[[ Records supplied open ]]
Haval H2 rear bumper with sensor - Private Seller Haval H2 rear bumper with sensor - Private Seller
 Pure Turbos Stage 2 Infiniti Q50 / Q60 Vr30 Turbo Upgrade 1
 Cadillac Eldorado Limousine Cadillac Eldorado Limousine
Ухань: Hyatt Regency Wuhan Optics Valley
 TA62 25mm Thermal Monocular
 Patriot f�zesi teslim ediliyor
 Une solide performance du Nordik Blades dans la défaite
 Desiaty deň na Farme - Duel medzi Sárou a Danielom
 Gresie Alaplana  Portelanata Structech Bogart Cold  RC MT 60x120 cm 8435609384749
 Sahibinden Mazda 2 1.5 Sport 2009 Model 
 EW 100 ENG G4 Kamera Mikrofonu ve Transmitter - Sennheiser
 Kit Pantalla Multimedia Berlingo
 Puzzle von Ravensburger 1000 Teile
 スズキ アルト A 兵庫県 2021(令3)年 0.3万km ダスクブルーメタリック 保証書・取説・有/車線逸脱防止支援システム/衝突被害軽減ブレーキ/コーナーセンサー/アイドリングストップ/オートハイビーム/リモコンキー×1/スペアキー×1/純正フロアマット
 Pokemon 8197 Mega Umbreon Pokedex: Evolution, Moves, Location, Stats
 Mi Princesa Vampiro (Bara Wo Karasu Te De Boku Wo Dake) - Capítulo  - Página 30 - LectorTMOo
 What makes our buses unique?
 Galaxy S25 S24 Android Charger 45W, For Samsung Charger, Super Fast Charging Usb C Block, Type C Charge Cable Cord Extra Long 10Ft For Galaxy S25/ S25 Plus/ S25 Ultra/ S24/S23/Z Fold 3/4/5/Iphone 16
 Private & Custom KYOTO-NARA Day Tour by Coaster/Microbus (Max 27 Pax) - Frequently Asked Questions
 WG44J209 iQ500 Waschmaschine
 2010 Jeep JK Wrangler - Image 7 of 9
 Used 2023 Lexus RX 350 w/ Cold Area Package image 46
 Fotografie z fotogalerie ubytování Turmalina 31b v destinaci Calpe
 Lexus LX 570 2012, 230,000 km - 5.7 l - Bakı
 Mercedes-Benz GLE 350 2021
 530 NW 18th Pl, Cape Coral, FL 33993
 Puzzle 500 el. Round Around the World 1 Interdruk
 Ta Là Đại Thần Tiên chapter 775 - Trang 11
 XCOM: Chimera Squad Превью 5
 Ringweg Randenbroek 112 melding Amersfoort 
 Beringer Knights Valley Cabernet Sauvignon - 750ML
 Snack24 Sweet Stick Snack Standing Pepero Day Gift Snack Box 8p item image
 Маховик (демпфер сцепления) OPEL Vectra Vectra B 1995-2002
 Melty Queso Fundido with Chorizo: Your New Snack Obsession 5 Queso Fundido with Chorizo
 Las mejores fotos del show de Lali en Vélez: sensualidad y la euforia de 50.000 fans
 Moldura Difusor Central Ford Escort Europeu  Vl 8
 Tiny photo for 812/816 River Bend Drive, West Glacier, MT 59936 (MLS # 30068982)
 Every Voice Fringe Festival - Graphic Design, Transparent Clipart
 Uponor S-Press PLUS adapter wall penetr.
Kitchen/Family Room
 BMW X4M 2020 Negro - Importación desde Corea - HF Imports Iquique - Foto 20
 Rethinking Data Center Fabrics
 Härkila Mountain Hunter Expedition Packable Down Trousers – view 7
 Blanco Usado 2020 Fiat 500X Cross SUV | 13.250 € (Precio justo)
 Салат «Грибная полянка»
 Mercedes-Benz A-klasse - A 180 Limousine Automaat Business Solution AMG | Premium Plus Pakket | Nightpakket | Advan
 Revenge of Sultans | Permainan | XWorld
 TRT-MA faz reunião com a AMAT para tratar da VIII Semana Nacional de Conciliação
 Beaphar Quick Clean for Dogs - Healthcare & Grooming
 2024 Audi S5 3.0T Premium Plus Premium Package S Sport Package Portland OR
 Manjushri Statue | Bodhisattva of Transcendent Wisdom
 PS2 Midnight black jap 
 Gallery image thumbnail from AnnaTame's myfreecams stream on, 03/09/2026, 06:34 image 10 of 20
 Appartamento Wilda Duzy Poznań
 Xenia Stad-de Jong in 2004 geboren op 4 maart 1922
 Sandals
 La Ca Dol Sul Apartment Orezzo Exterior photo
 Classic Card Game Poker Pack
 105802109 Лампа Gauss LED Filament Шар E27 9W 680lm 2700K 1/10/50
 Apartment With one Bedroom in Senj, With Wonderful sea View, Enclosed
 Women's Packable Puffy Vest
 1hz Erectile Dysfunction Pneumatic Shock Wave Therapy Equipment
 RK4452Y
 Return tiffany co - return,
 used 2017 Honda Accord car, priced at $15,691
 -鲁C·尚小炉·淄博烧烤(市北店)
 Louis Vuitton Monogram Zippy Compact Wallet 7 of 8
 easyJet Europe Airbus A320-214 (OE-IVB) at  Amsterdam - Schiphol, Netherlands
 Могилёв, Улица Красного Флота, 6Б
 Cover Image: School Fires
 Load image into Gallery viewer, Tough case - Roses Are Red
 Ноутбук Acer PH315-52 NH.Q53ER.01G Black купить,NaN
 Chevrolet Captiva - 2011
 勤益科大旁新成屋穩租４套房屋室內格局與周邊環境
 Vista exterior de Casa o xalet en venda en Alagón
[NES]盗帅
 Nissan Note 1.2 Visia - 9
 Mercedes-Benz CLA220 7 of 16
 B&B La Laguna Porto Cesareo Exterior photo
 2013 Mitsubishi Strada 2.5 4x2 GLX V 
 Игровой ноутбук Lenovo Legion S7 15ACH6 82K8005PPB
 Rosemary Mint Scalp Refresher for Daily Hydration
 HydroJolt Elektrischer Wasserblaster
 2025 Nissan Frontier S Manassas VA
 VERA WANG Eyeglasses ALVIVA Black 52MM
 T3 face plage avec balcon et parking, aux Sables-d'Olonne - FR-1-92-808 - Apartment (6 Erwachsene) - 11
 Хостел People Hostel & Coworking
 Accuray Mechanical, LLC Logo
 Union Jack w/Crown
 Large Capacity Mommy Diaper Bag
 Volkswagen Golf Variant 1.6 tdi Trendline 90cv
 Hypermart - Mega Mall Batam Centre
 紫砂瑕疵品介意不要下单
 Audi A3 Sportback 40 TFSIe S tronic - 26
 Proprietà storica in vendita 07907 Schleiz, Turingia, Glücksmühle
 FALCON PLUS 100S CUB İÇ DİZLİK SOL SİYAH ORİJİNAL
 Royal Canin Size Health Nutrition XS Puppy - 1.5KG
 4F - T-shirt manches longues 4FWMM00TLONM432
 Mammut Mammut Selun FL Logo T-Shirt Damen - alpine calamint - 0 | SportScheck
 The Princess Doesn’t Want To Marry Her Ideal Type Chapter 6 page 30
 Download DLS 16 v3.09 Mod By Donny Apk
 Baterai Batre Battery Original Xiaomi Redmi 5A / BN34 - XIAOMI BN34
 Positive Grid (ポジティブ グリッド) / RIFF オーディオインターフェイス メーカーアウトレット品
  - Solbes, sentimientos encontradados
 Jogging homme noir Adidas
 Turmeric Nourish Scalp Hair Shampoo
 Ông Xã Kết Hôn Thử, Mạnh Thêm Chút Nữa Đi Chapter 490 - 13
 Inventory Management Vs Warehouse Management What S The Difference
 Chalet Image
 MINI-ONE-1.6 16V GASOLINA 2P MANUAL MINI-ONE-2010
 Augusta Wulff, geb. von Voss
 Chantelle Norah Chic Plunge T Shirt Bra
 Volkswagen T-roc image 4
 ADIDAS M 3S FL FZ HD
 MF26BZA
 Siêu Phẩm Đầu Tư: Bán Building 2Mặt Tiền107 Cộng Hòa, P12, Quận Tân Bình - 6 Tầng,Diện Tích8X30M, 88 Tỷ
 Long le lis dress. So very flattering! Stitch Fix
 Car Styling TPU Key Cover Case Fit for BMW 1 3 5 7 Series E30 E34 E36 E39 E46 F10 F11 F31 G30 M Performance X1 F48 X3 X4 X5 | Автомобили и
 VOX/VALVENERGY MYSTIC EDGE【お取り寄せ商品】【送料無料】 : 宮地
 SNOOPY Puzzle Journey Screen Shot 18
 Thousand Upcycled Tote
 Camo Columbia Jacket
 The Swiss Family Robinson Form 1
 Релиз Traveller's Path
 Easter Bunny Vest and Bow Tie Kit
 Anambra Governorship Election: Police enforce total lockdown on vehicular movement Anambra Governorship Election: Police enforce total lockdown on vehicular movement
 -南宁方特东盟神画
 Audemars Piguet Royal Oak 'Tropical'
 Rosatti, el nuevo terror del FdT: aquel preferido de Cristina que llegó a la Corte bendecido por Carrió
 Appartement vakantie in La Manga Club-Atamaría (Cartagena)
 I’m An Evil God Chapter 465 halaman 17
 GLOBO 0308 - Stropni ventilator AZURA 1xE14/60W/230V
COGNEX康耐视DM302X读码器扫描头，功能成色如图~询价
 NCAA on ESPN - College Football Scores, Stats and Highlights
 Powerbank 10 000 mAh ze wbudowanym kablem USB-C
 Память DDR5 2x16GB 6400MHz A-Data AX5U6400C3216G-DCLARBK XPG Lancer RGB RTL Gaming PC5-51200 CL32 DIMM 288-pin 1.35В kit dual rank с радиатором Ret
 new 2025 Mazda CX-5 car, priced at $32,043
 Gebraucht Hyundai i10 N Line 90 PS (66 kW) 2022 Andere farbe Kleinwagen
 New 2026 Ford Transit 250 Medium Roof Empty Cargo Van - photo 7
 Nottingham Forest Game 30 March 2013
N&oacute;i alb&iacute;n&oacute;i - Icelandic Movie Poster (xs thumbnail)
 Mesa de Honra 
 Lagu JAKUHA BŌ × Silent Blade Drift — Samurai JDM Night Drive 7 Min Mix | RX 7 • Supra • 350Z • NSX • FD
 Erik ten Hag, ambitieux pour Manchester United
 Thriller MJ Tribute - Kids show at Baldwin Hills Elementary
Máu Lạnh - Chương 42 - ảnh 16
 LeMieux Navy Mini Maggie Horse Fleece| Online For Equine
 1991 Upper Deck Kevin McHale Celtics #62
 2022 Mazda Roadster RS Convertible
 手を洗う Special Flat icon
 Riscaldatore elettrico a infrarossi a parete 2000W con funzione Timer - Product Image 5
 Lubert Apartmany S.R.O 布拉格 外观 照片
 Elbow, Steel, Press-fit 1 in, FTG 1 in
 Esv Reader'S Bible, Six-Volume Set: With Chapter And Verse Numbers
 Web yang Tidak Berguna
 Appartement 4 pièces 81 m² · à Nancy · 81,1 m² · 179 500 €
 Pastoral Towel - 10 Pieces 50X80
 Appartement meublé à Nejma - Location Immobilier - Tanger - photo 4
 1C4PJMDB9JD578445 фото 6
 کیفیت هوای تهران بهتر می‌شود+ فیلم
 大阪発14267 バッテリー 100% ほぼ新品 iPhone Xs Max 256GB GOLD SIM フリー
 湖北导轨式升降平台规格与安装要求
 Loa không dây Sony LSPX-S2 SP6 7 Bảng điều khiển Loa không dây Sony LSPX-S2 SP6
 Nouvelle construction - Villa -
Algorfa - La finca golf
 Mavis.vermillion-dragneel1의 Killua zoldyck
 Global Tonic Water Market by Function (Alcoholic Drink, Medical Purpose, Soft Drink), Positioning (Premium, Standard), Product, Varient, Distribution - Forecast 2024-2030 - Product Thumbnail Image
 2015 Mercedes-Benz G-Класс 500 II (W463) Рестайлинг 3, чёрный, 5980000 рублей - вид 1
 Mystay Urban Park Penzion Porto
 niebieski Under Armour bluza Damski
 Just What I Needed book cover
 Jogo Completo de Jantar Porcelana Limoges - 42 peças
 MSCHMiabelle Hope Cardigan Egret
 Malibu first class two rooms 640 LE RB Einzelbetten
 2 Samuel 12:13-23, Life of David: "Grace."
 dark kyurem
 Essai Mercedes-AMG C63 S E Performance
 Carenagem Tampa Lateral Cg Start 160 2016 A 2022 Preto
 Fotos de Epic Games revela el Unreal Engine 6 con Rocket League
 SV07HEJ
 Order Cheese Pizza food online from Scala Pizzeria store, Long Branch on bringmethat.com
[[ Records supplied closed ]]
Wherever the line holding "Apartment With one" falls in the entries above, copy exactly from it through the line holding "Louis Vuitton Monogram", inclusive, and add nothing.

--- Result ---
 Apartment With one Bedroom in Senj, With Wonderful sea View, Enclosed
 Women's Packable Puffy Vest
 1hz Erectile Dysfunction Pneumatic Shock Wave Therapy Equipment
 RK4452Y
 Return tiffany co - return,
 used 2017 Honda Accord car, priced at $15,691
 -鲁C·尚小炉·淄博烧烤(市北店)
 Louis Vuitton Monogram Zippy Compact Wallet 7 of 8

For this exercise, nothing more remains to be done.